**What needs to be done**
An exact restatement of the data is required, with the images omitted.

**Dataset excerpts**

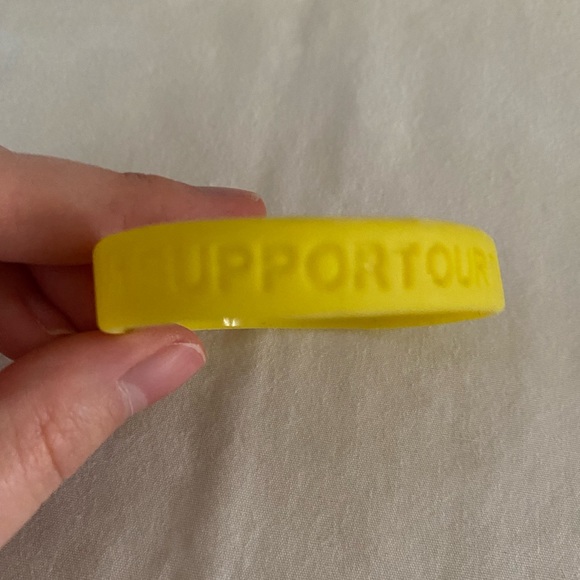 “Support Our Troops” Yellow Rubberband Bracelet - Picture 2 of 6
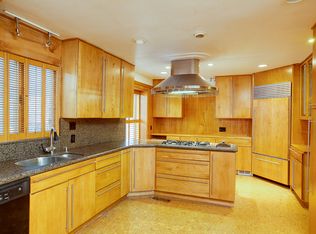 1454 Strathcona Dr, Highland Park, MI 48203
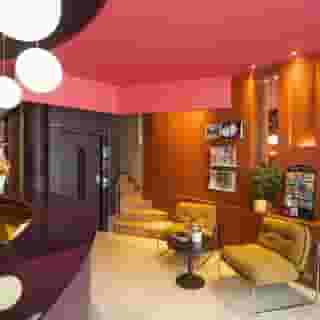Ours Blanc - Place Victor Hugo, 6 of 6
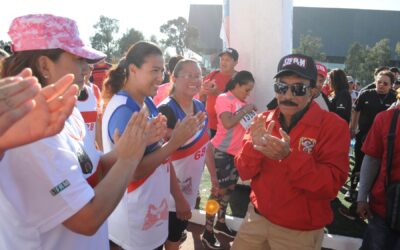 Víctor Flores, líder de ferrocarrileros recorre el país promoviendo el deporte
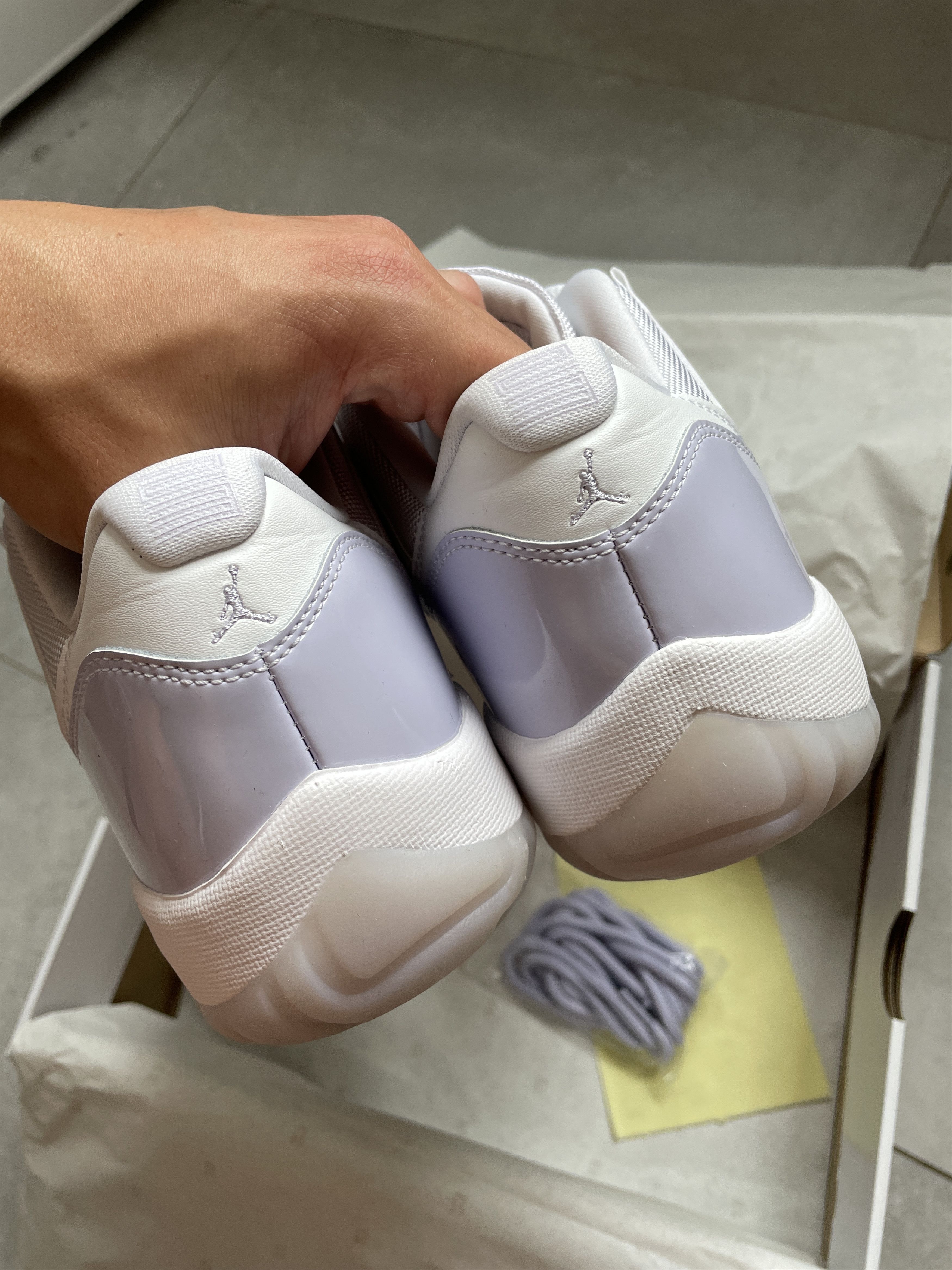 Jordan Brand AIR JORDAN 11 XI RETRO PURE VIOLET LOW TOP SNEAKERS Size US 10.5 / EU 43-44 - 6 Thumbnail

**Task answer**
 “Support Our Troops” Yellow Rubberband Bracelet - Picture 2 of 6
 1454 Strathcona Dr, Highland Park, MI 48203
Ours Blanc - Place Victor Hugo, 6 of 6
 Víctor Flores, líder de ferrocarrileros recorre el país promoviendo el deporte
 Jordan Brand AIR JORDAN 11 XI RETRO PURE VIOLET LOW TOP SNEAKERS Size US 10.5 / EU 43-44 - 6 Thumbnail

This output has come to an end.